I've made a custom User registration form/view in Django so that I can include an additional user attributes through a different model. I've used set_password to set the password of the newly created user to the password entered in the form, but I've found that the passwords that are saved aren't hashed.

form:

class UserForm(forms.ModelForm):
password = forms.CharField(widget=forms.PasswordInput())
class Meta:
    model = User
    fields = ('username', 'email', 'password')


class StudentForm(forms.ModelForm):
    class Meta:
        model = Student
        fields = ('theclass',)
        widgets = {
            'theclass': forms.CheckboxSelectMultiple(),
        }

class TeacherForm(forms.ModelForm):
    class Meta:
        model = Teacher
        fields = ('theclass',)
        widgets = {
        'theclass': forms.CheckboxSelectMultiple(),
        }

view:

def register_student(request):
context = RequestContext(request)
registered = False
if request.method == 'POST':
    user_form = UserForm(data=request.POST)
    student_form = StudentForm(data = request.POST)

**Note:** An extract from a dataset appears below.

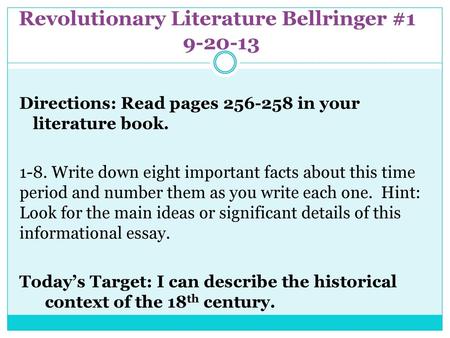 Revolutionary Literature Bellringer #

    if user_form.is_valid() and student_form.is_valid():
        user = user_form.save()
        user.set_password(user.password)

        user.save

        student = student_form.save(commit = False)
        student.user = user
        student.save()
        registered = True
else:
    user_form = UserForm()
    student_form = StudentForm()
return render_to_response('classapp/register_student.html', {'user_form': user_form, 'student_form': student_form, 'registered': registered}, context)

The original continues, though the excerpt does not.